そして、設計だけでなく事業評価にも不可欠な風況の解析には、高層建築物の計画段階で実施してきたビル風の評価コンサルティングのスキルが生きています。

こうした背景から、私たちは風や波力の評価、発電量予測、風車のレイアウトの検討など、設計の前段階であるウィンドファームの計画・開発段階に参入し、開発から設計までのワンストップサービスを実現できたというわけです。今まで培った確かな技術力を有することから、信頼と期待を寄せられていると自負しています」

※4 正式名称は「海洋再生可能エネルギー発電設備の整備に係る海域の利用の促進に関する法律」。洋上風力発電において、海域の占用に関する統一的なルールがない、先行利用者との調整の枠組みが存在しない、といった課題の解決に向け成立した

スペインに拠点を設置し、欧州の知見を日本に伝える

各分野のエキスパートが集結し、洋上風力発電に参入する企業に、設計や審査対応などのサポートを提供する構造計画研究所だが、海外の関連メーカーと密に連携できることも同社の強みだ。プロジェクト全体を担当する関根氏はこう語る。

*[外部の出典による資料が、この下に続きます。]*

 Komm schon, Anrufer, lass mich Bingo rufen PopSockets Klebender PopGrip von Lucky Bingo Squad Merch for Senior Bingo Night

「海外メーカー製の風車を安全に設置するためには、日本の設計基準や地震・台風といった現象を踏まえた構造設計を要します。当社には日本の基準を熟知し、海外の風車メーカーと英語やスペイン語でやり取りができるアルベルをはじめとした海外のメンバーがいるので、スムーズに連携が取れるのです」

構造計画研究所の木村 まどか氏と構造計画研究所の関根 渉氏

2022年7月には、洋上風力発電が先行する欧州の中でもパイオニアであるスペインにオフィスを開設。アルベル氏が赴任し、日本の洋上風力発電を牽引する一翼を担っていく。具体的には、風車メーカーや洋上風力に関する技術や基準、トレンドをつかんでコンサルティングサービスに役立てる予定だ。アルベル氏はスペインでの活動の目的を次のように話す。

「1つ目は、既存顧客との関係強化です。洋上風力発電機の開発や設計は欧州を拠点にしているため、設計時の迅速なコミュニケーションや技術の共有ができます。

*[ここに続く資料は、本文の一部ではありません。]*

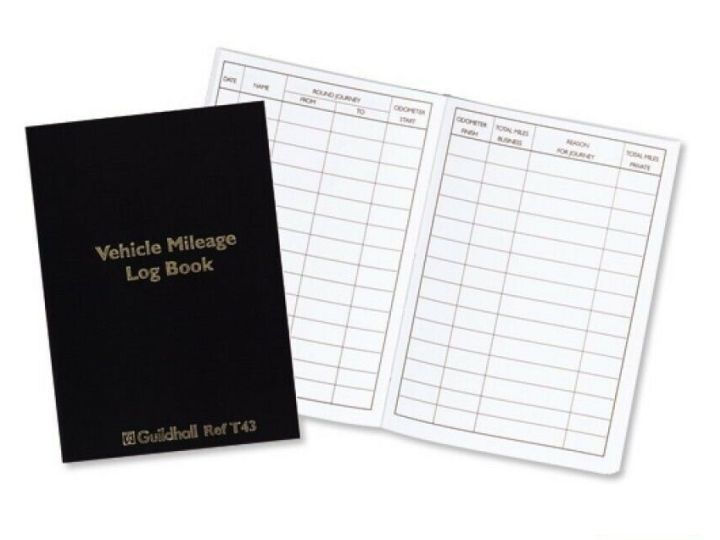 Guildhall Vehicle Mileage Log Book T43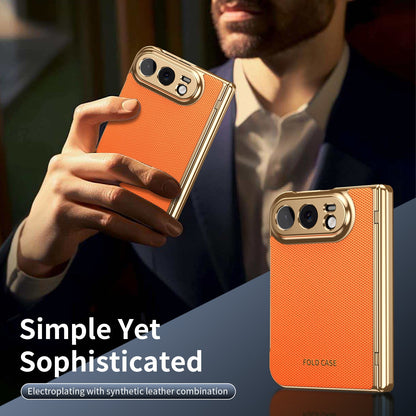 Electroplated Leather Case for iPhone Duo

2つ目は、最新のトレンドを把握することです。風力の業界は変化のスピードが非常に速く、欧州はその先頭を走る存在です。新しい技術を早い段階でキャッチアップし、日本の洋上風力発電のプロジェクトに還元できればと考えています」

構造計画研究所 スペインオフィスに勤めるマテオ・アライ・アルベル 氏

これまで蓄積したエンジニアリングのノウハウで、計画・設計・審査の面で陸上風力発電の根幹を支えてきた構造計画研究所。エネルギー戦略の岐路に立たされている中、日本の命運を懸けて、洋上風力発電の導入拡大への一歩を踏み出している。

「学問知と経験知による知の循環から生み出される、工学的手法に立脚したユニークな解決策を提供すること」をミッションに掲げる同社は、その使命を果たそうとしている。